Since then BLM has been about the process of identifying those "crown jewels" and yesterday Secretary Salazar released the list and an accompanying report. In his letter to Congress presenting the report Salazar said:
We have compiled this list of special lands based on input and encouragement from members of Congress, state and county officials, our own land managers, and other interested parties. In all cases, the highlighted areas have significant local support.
Nowhere in that report will you find the 242,000 acres proposed by Bingaman in S. 1024, and for good reason.

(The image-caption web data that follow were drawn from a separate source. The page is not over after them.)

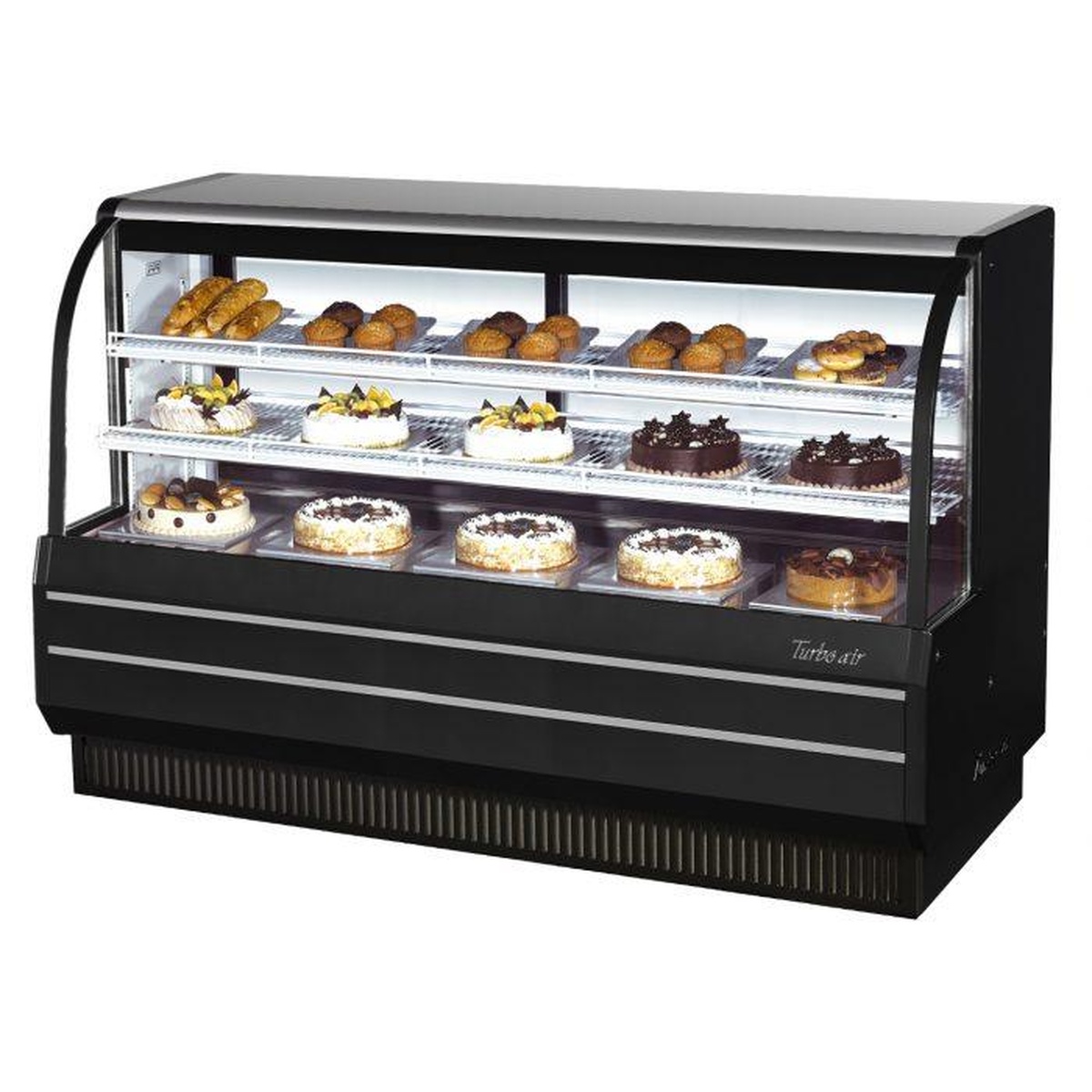 Turbo Air TCGB-72-W(B)-N curved glass refrigerated bakery display case in black finish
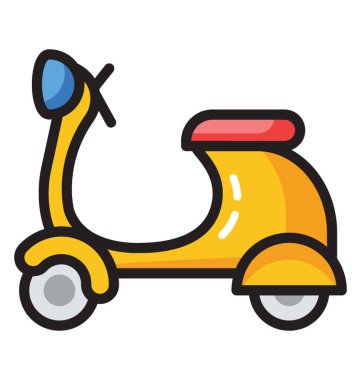 Düz scooter simge vektör 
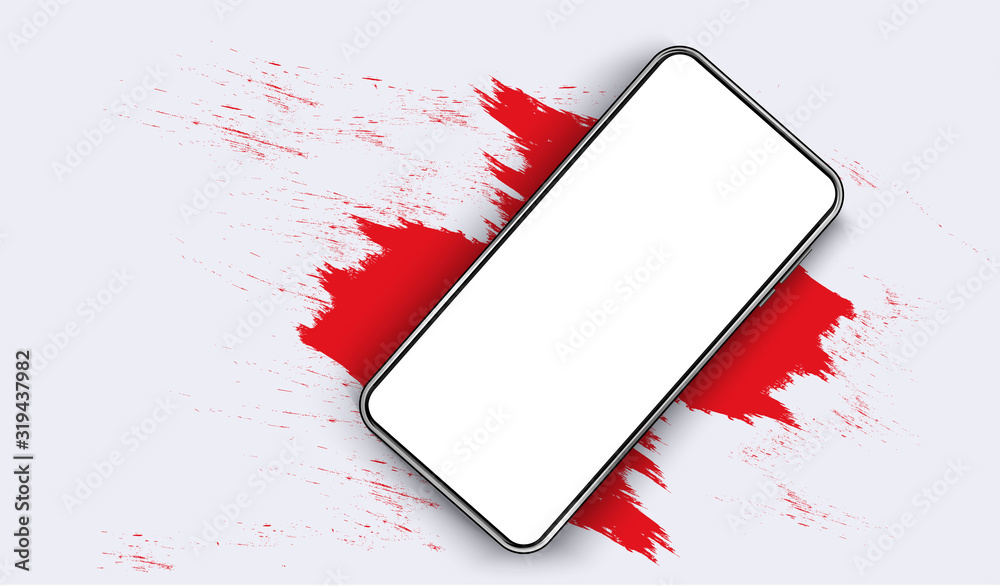 Poster Smartphone blank screen, phone mockup. The view from the top of the phone on a red spot. Template for infographics or presentation UI design interface. vector red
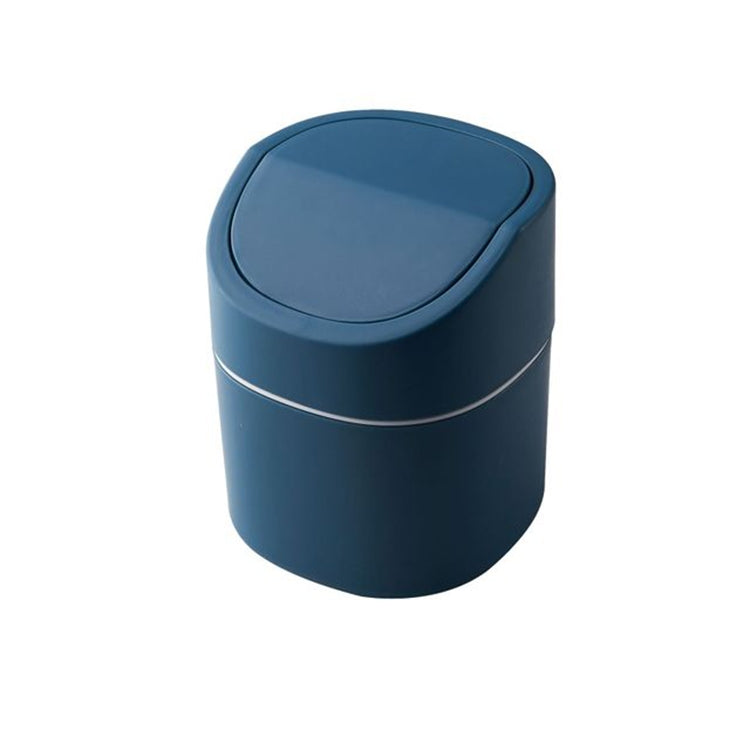 Thùng rác mini để bàn có nắp đậy, hộp chứa rác dọn dẹp hình trụ, kiểu đẩy, miệng lật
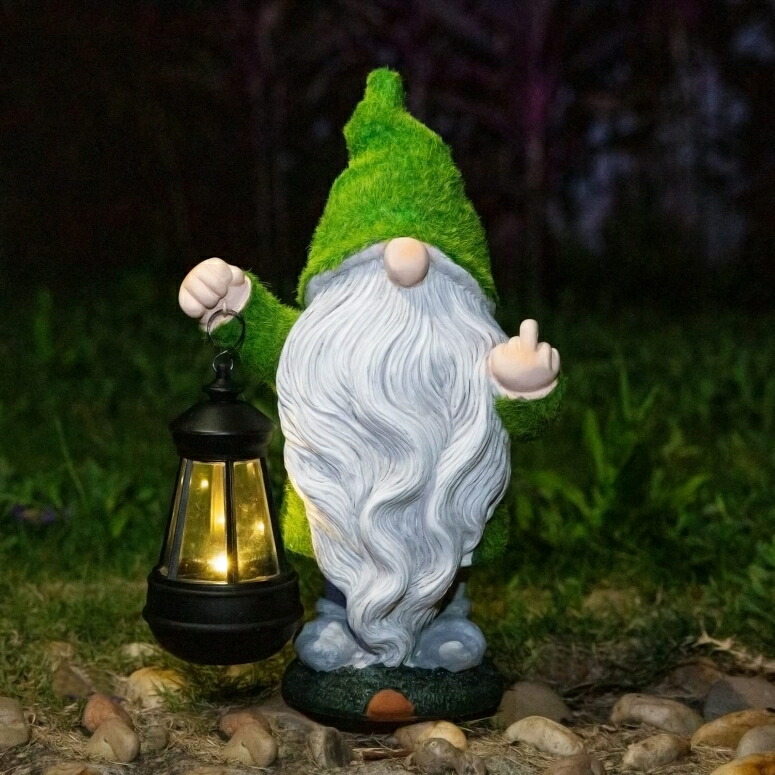 LEDソーラーライト ソーラーパワー ガーデンライト Flocked Garden Outdoor Gnome Statues Decor with Solar Lights ,Large Funny Gnome Garden Figurines for Outside Patio Yard Lawn House Farmhouse Sculptures Decorations Gifts 【並行輸入品】｜MJ-MARKET 11,340円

The Bingaman bill is opposed by the two most prominent business organizations in Las Cruces, the local and national law enforcement community, and ranchers and other users of these lands.
Here are some examples of local opposition to the Bingaman legislation:
° In written Congressional testimony NM border sheriffs from Las Cruces to Lordburg have opposed the legislation. Dona Ana Sheriff Todd Garrison called the bill "the height of folly" for the restrictions in would place on law enforcement and saying it would "stymie my department's efforts" to provide for public safety. Raymond Cobos, Sheriff of Luna County, testified the bill would "hamstring effective law enforcement" and requested the legislation by "set aside." Hidalgo County Sheriff Saturnino Madero testified the Wilderness Act "prevents the use of motor vehicles, mechanized equipment and other tools which are vital to local law enforcement." Noting the 98,960 acres of Wilderness Study Areas in Hidalgo County "which are being promoted as candidates for future legislation", and given the current situation on the border, Sheriff Madero said he found it "highly inadvisable" to pass such federal land designations.
° The National Association of Former Border Control Officers has presented testimony to both the House and the Senate in opposition to Wilderness on the border, and specifically testified in opposition to Bingaman's bill.
° The Greater Las Cruces Chamber of Commerce submitted testimony saying the organization "has strongly opposed Senator Bingaman’s efforts to designate our community’s lands as 'Wilderness'” and expressing concern on the legislation's impact on "national security" and on the community's efforts on "flood control". The Building Industry Association (Home Builders) submitted testimony expressing similar concerns and stating the BIA is "opposed to the passage of S. 1024 in its current form."
Other local entities who have testified in opposition to S. 1024:
--The Mayor of Hatch, NM
--The Luna County Commission
--The Mesilla Valley Sportsmen's Alliance
--The Dona Ana Soil & Water Conservation District
--The Las Cruces Tea Party
--People for Preserving Our Western Heritage
--The Rio Grande Soaring Association
Yes, even the hang gliders are opposed to this bill.
The big question now is: Even though Secretary Salazar declined to include these lands in his "Crown Jewel" recommendations to Congress, will Senator Bingaman continue to try to shove this legislation down our throats? The Secretary did include Bingaman's proposal for Wilderness/NCAs in northern NM in his recommendations. Will damaging and discriminating against the Hispanic ranchers and hunters up north satisfy Bingaman's quest for a "legacy" or will he keep coming after us?